Faisal Shahzad, 30, a naturalized U.S. citizen of Pakistani origin, was arrested Monday at New York's Kennedy airport just prior to the departure of his Emirates flight to Dubai. U.S. investigators now believe he might have had ties to the Pakistani Taliban and that some of them may have trained him.
However, CNN reported a spokesman for the Pakistan Taliban denied any connection to Shahzad.
The report also quoted a senior U.S. official saying that new leads developed in Pakistan show Shahzad likely had training from extremists but would not say if that was tied to the attempted bombing in New York. It was also not clear which group may have been involved with Shahzad.
Shahzad has reportedly told investigators about receiving training in bomb-making in Pakistan's Waziristan tribal region.
The Times of London also reported the Pakistani Taliban's denial of any link to Shahzad. A Taliban spokesman praised him but also said, "We don't even know him."
Since Shahzad's arrest, Pakistani authorities have detained a number of people, including a friend and one of his relatives.
Pakistan's Daily Times reported Thursday three people were detained by police in Lahore, capital of Punjab province.
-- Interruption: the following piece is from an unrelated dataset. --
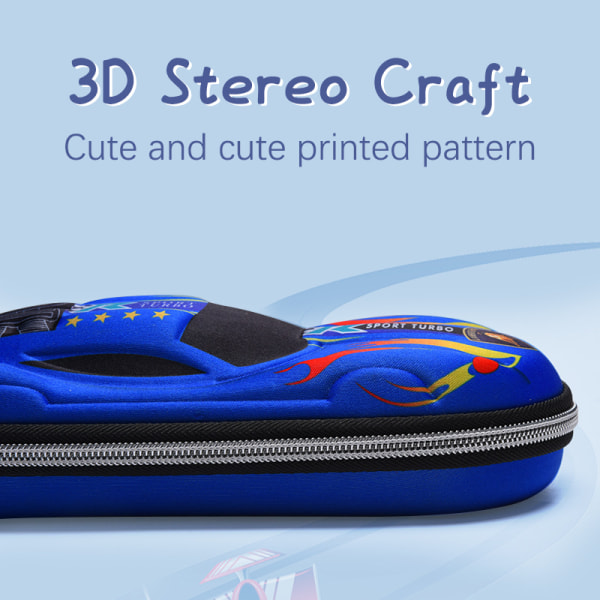 3D Racing Car Pennfodral EVA Vattentätt case Blue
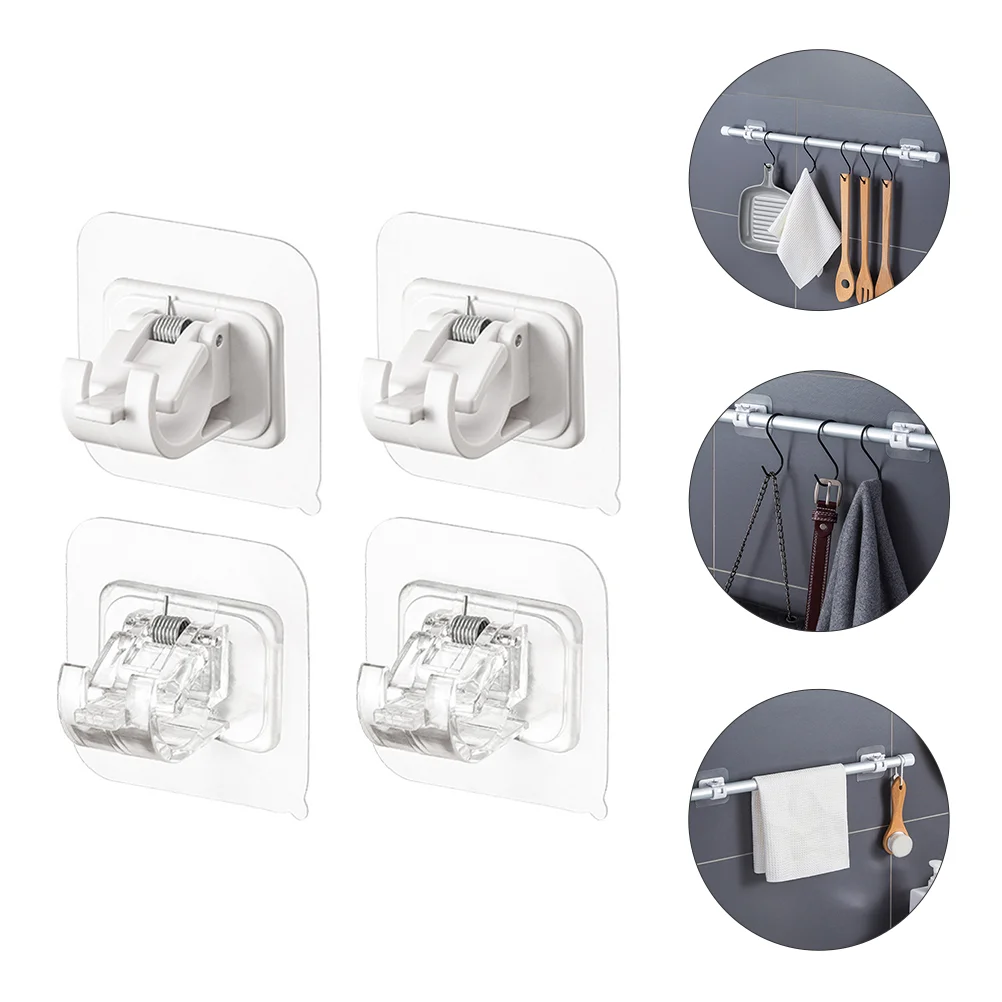 4 Pcs Curtain Rod Hooks ABS Spring Material Self Adhesive Wall Mount No Drill Bathroom Shower Clips Telescopic Pole Clamp Smooth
Sources told the newspaper Pakistan's Interior Ministry has directed intelligence agencies to immediately interrogate Shahzad's relatives in Lahore, but it was not clear if those detained are relatives.
The Daily Times, quoting witnesses, also reported some of the relatives in Peshawar, concerned about Shahzad's arrest, have locked their homes and gone underground.
CNN, quoting intelligence officials, reported a team of U.S. and Pakistani investigators questioned Shahzad's father in Peshawar and also interrogated four people linked to the militant group called Jaish-e-Mohammed, which is connected to al-Qaida.
Shahzad is reported to be one of two sons of a retired Pakistani air force officer, but the CNN report said the father was not detained or arrested.
A New York Times report quoted Western diplomats and intelligence officials as saying the Pakistani Taliban are now working with al-Qaida and several other groups to expand their activities even as their capabilities get degraded by Pakistani military operations and escalating U.S. drone strikes.
The report said alliances with other militant and terror groups have helped the Pakistani Taliban continue their activities and even improve their skills.
"They trade bomb makers and people around," a senior U.S. intelligence official told The New York Times. "It's becoming this witches' brew."